Ob man im Altertum schon Schleifsteine mit einer Umfanggeschwindigkeit hatte, daß es beim Schleifen Funken gab, müßten Archaeologen beantworten können, ich halte es für sehr wahrscheinlich.
Was man jedenfalls kannte, war die Wirkung unterschiedlich hoher C-Gehalte. Das konnte man sicher nicht richtig begründen- selbst am Anfang des 20.ten Jahrhunderts gab es ja noch die wildesten Härtetheorien- man konnte es aber praktisch steuern.
Ich will mal eine grobe Übersicht geben, welche Verbesserungstechniken zu welcher Zeit bekannt waren:
Ausschmieden und Verschweißen- von Beginn der Eisenzeit an.
Bewußtes Aufkohlen, um weiches "Eisen" in Stahl zu verwandeln - möglicherweise ca 1500 v.Chr. bei den Hethitern, wo Tiegelöfen gefunden wurden, die auf ein Einsetzen von Eisenstücken hindeuten. Dies ist nicht abschließend gesichert. In der Römerzeit war das Aufkohlen jedenfalls bekannt, wie ein immer wieder nachgearbeiteter Münzstempel aus Trier zeigt, der nur an der Prägefläche aufgekohlt-nicht verstählt war.
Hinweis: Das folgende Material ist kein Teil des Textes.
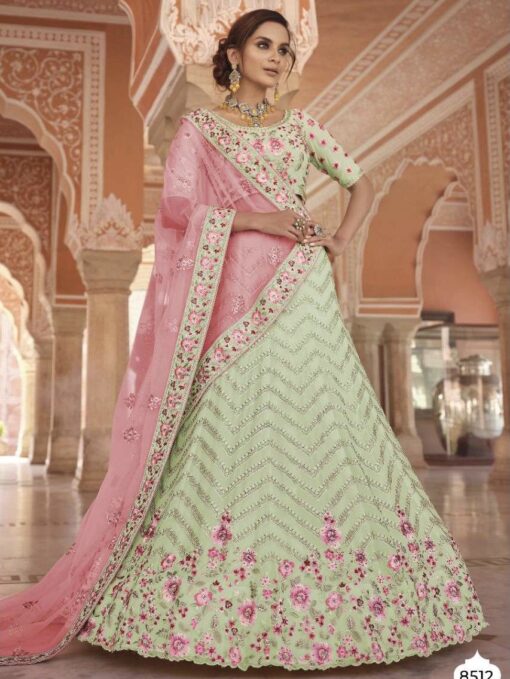 Pista Green Floral Heavy Bridal Lehenga Choli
Die Kombination von hartem und weichem Material bei Verstähltechniken oder bei echten Verbundstählen ist ebenfalls in der Römerzeit nachgewiesen.
Man beherrschte sowohl das Raffinieren- die Verbindung gleichartigen Materials- wie auch die Verschweißung unterschiedlicher Materialien, was wir heute Schweißdamasttechnik nennen.
Schon im 11-12 ten Jahrhundert kombinierte man bewußt nach dem C-Gehalt ausgesuchte Stücke, um daraus hochwertige Schwerter zu schmieden.
Dr. Stefan Mäder, der sich besonders mit Metall-Archaeologie befaßt hat, hat alte Funde mit japanischen Schleiftechniken bearbeitet und dabei erstaunliche Ergebnisse gefunden. Eine römische Spatha zeigte ein absolut fehlerfreies und feines Strukturbild- wirklich zum Staunen !
Die Liste technisch perfekter Stahlherstellung und Verarbeitung ließe sich noch um viele Beispiele ergänzen-Nydam-Schwerter-und..und.. und.
Abschließend kann man sagen, daß es den guten Schmieden im Spätmittelalter möglich war, vorzügliche und auf den jeweiligen Verwendungszweck abgestimmte Klingen herzustellen. Es mag sein, daß das nicht alle konnten oder- aus Kostengründen- wollten. Möglich war es schon.